=== PROBLEM TO SOLVE ===
Please copy exactly the line that contains "Neon Black Cat – Palm Tree Sunset Grid" and every line after it through the end of the records, leaving the pictures out.
___ INFORMATION GIVEN ___
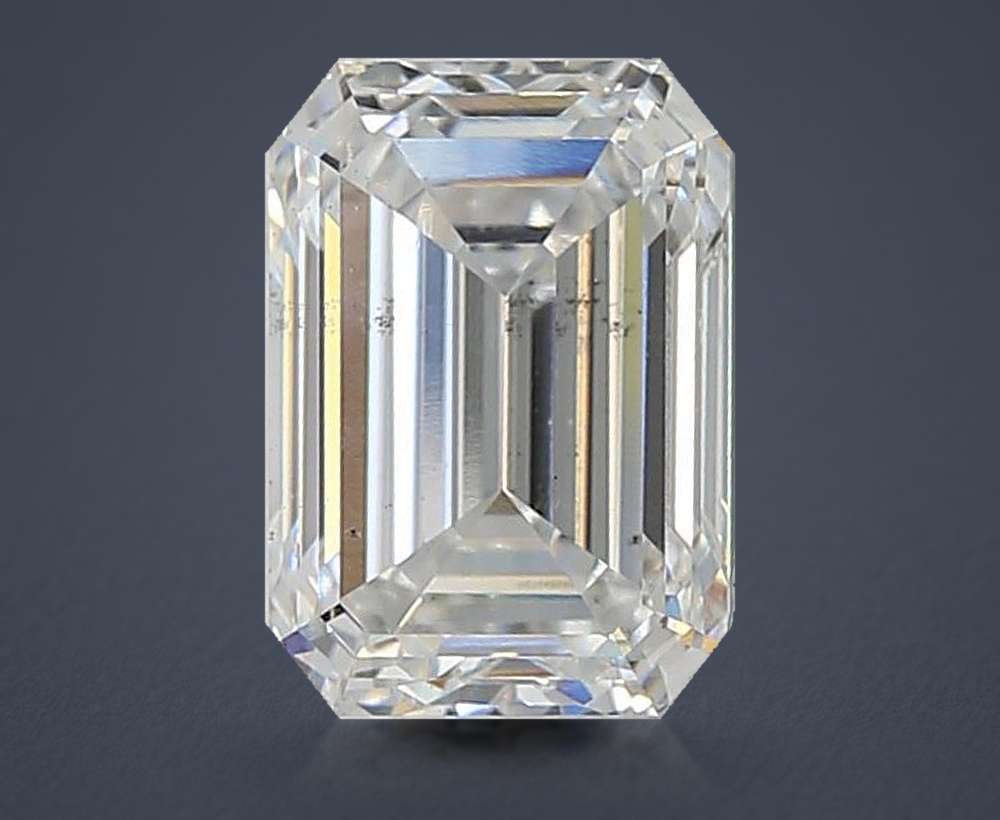 3.02ct E SI1 Rare Carat Ideal Cut Emerald Lab Grown Diamond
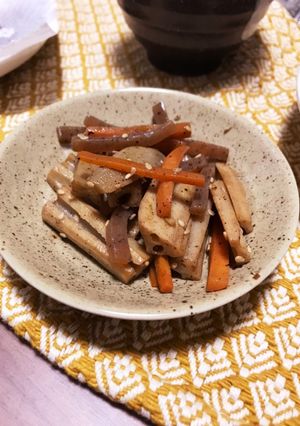 れんこん、にんじん、コンニャクのきんぴら-レシピのメイン写真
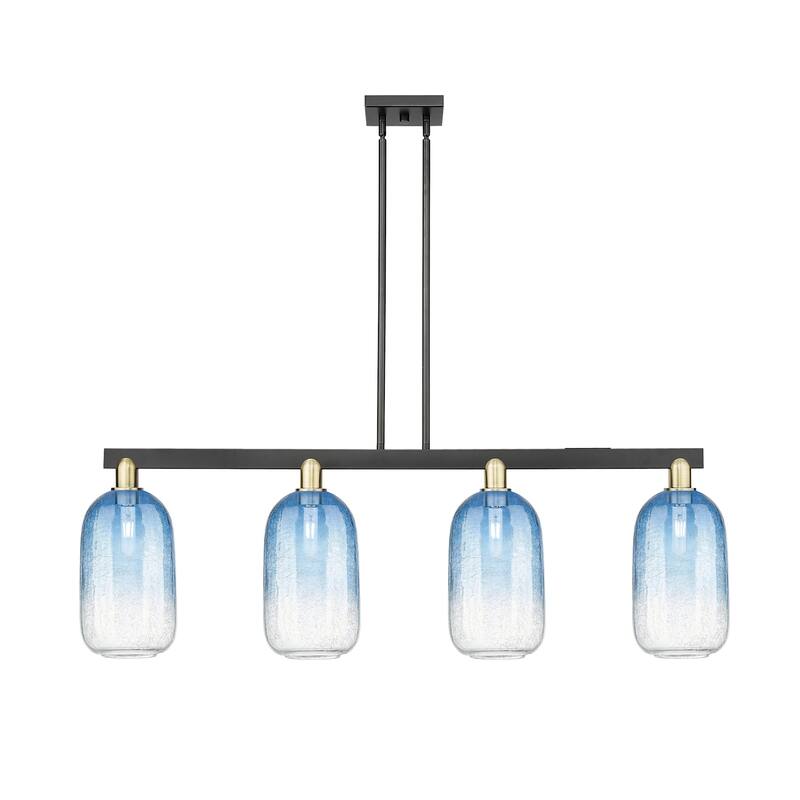 Innovations Lighting 716-4I-16-48 Brookhaven Cloche Linear Brookhaven - Black Antique Brass / Sapphire Blue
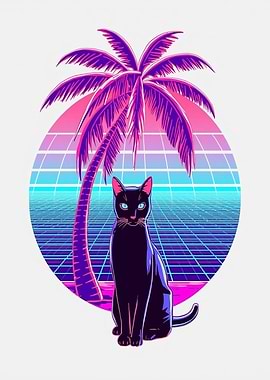 Neon Black Cat – Palm Tree Sunset Grid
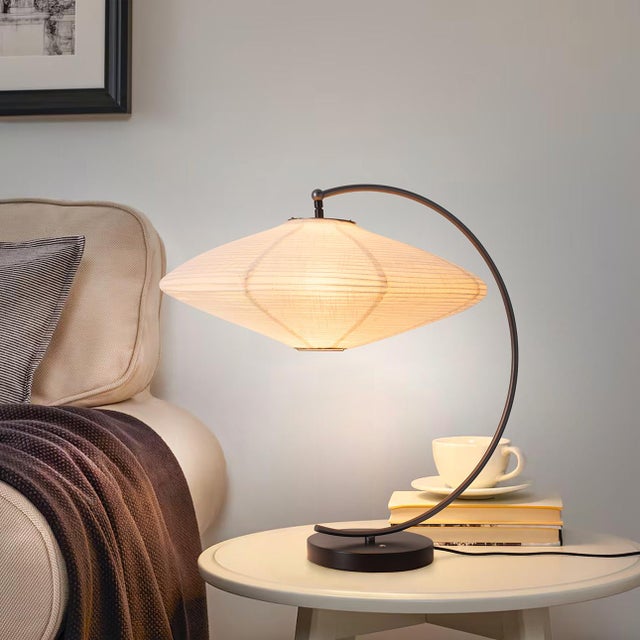 NOVA Rosewell Sculptural C-Arc Table Lamp - Hand-Stitched Woven Paper Linen UFO Diamond Shade, Matte Black Base with USB...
___
=== TASK OUTPUT ===
 Neon Black Cat – Palm Tree Sunset Grid
 NOVA Rosewell Sculptural C-Arc Table Lamp - Hand-Stitched Woven Paper Linen UFO Diamond Shade, Matte Black Base with USB...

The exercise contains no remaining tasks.